Australian network operators need to slash the values of their poles and wires by up to half – and their costs accordingly – if they are to remain competitive in the face of new technologies such as solar and storage and avoid an inevitable and damaging “death spiral.”
The conclusions come in a new independent study – one of the most comprehensive to date – that shows that Australia has the highest network costs in the world – more than twice those of the UK and the US – and suggests that the network owners should voluntarily slash the value of their assets.
The report, by Hugh Grant of the analyst firm ResponseAbility – shows the massive cost of delivery of electricity through the networks means that Australian consumers have one of the highest electricity prices in the western world, despite its much touted “cheap” coal power.
It has certainly been the cause of the biggest increases in electricity the world. This graph below shows how network prices have underpinned the huge rises in electricity costs.
The study suggests that if the regulated asset base was reduced then consumer costs could also fall by nearly half, particularly in those states such as NSW and Queensland which have been by far the worst offenders in inflating the asset base and cost of their networks.
That would then put the networks in a better position to compete with, and have an incentive to integrate, new technologies, such as solar and storage and the push towards micro-grids.
Some networks are refusing such initiatives now because they have no financial incentive to pick the cheaper and more efficient option. It is an absurd situation, but one the regulators have been slow to address.
The report is not the first independent analyse to conclude that the Regulated Asset Base of Australia’s electricity networks need to be written down, either by regulation or by choice, but it does appear to be the most comprehensive.
Importantly, it highlights that RAB reductions are not only in the electricity networks’ long-term interests, but are also imperative for the viability of other participants in energy supply chain, including the generators and retailers.
“The clear message from the paper is that business as usual will inevitably result in the “industry death spiral”,” Grant says. “RAB reductions are not only in the electricity networks’ long-term interests, but will also be critical for the viability of other energy supply chain participants.”
Networks and their lobby groups have argued forcefully against the idea that their asset values should be written down – partly because some of those assets are owned by state governments – Queensland, NSW and Western Australia – which are in process of seeking offers or considering it.
The Energy Networks Association has also suggested that imposing write-downs will be counter-productive, because it will “increase risk” and the cost of finance, and will mean that costs to consumers will be little changed, and may even increase. It describes even a 20 per cent cut as “extremely large” and “massive”.
But Grant argues that this is not true. He points out that others in the energy industry – generator and retailers – have all been forced to incur write downs when the value of their assets decreases, as has occurred in other industries.
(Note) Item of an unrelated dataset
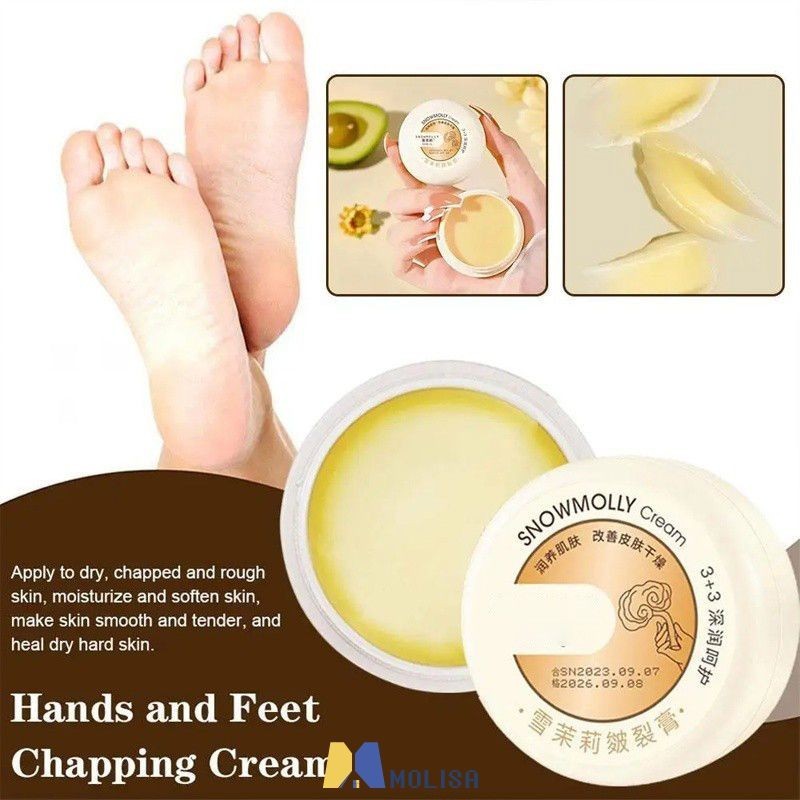 20g Anti-drying Crack Foot Cream Heel Cracked Repair ครีม Dead Skin Hand Feet Care MOLISA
He further states that the networks are already allowed a cost of capital allowance that reflects the risk of stranded assets, despite the fact that they are able to borrow at rates significantly lower than that allowed, and profit from it – so much so that network profits are 23 times the return in the construction sector and 16 times that in the telco sector.
“The ENA paper conveniently ignores this fact and attempts to create the impression that the networks’ returns are commensurate with their low risks, and that introducing the “new risk” of asset revaluations would dramatically increase their cost of capital,” Grant writes.
The report calls for extensive changes to the way the market is regulated, because it is the regulations that allowed the networks to rapidly boost the value of their networks and then pass on the cost to the consumers.
Until 2006, the regulator imposed an “optimisation” rule, that meant that if an asset was found to be surplus to requirements, then the network was not allowed to pass on the cost of this asset to consumers.
Similar rules still exist in most international markets, but in Australia they were swept aside in 2006 when the Australian Energy Markets Commission issued new rules that simply encouraged networks to build bigger networks, with the guarantee that they could pass on the costs, and be protected by indexing for inflation.
Some government-owned networks increased their asset values five-fold in just a few years. They are now protecting those valuations and revenues by seeking to increased fixed charges.
Many network operators admit that the future is vastly different to the past, thanks to new technologies, and that these networks will be broken up into smaller series of distinct and interconnected micro-grids, such as the scenario outlined by Western Power this month. That means many poles and wires will be redundant.
But getting to this point is the tricky bit, and regulators are not making it easy for networks to take the obvious move and write down the value of stranded and unwanted assets. Grant says that the AEMC has adopted a “systemic bias” towards “investment certainty”, and this has come at the expense of the long term interest of consumers.
He quotes the Public Interest Advocacy Centre, which noted: “The underlying assumption in the rules from 2006 onwards was that investment has to be incentivised regardless of the cost to current customers.”
And the AEMC stands accused of being dismissive of customer perspectives. “It’s responsiveness to consumer interest and issues has been poor,” PIAC noted. “Arguments put by consumer advocates are rarely accepted, regardless of the quality of the argument or evince offered.”
Grant says that the most rational non-rule change solution is for the networks’ owners to voluntarily write down their RABs to sustainable levels, or their “maximum efficient” values. (See graph above). If that doesn’t happen, then he recommends an independent panel be appointed to advise on what those valuations should be.
“In competitive sectors, when technologies and assets are made redundant by cheaper alternatives, or are clearly going to deliver less revenue than anticipated at the time of the investment, the value of the assets are written down,” he notes.
“This is a rational decision that is commonly implemented in all other sectors of the Australian economy where capacity exceeds demand.”
But, his paper notes, successive state governments have consistently chosen short-term profits over sound long-term energy policy, either by influencing the regulatory arrangements to enable their networks to achieve extraordinary profits; and by not considering the long-term consequences of inflicting excessive electricity prices on their communities and their state economies
“The continuation of the industry death spiral will ultimately be much more destructive to the long-term value of government-owned energy companies than the short-term implications of reducing prices to sustainable levels,” Grant writes.